_Dataset content_
══════════════════════════════

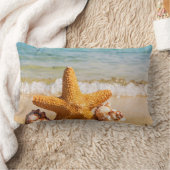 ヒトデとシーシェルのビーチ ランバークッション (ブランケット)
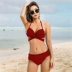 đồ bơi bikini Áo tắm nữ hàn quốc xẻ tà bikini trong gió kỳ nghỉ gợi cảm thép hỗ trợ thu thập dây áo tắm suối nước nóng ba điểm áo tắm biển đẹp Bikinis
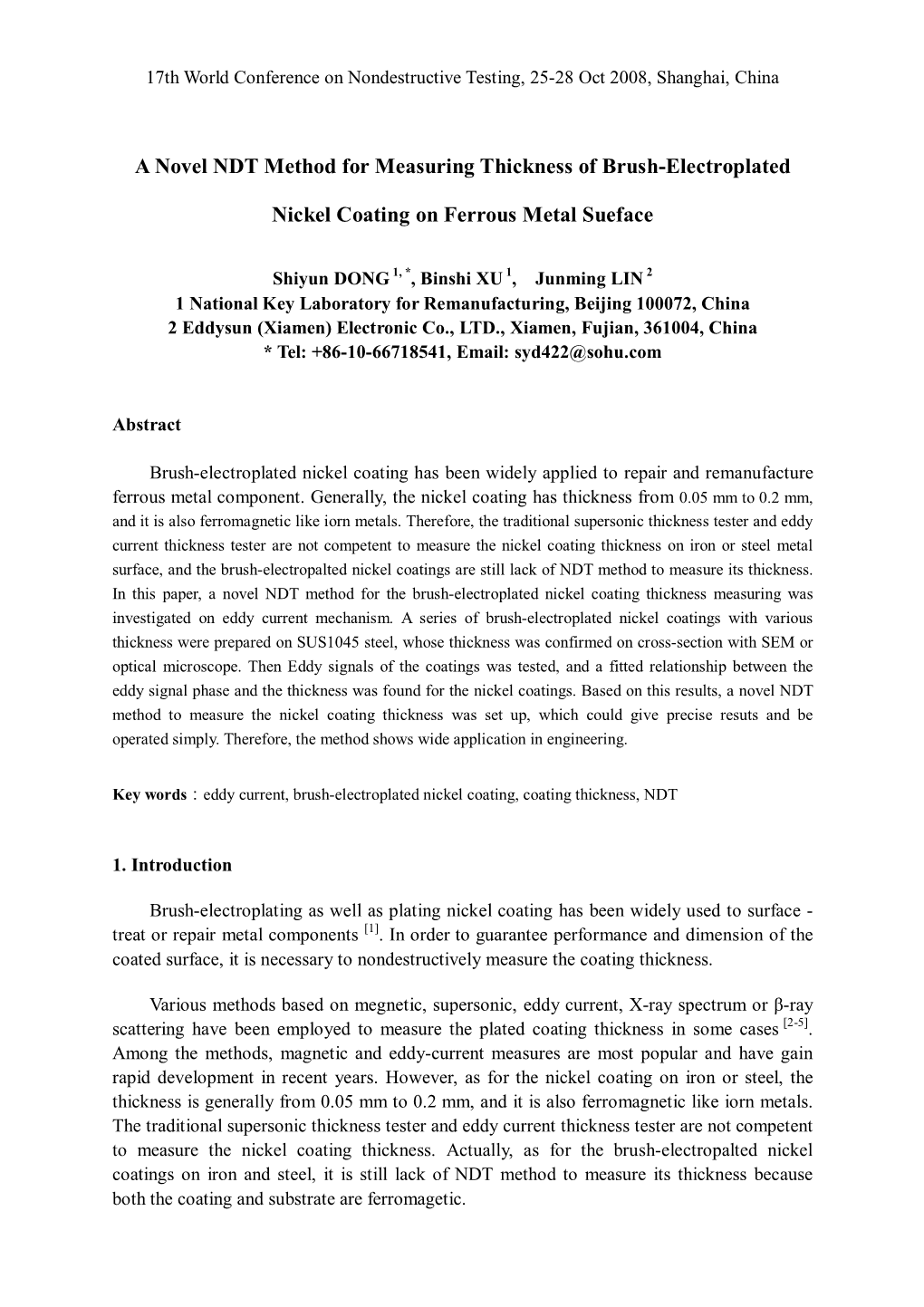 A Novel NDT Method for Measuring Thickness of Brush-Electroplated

══════════════════════════════

_Your instructions_
Only the text of the listing above is copied, exactly as written; its pictures are dropped.

_Solved problem_
 ヒトデとシーシェルのビーチ ランバークッション (ブランケット)
 đồ bơi bikini Áo tắm nữ hàn quốc xẻ tà bikini trong gió kỳ nghỉ gợi cảm thép hỗ trợ thu thập dây áo tắm suối nước nóng ba điểm áo tắm biển đẹp Bikinis
 A Novel NDT Method for Measuring Thickness of Brush-Electroplated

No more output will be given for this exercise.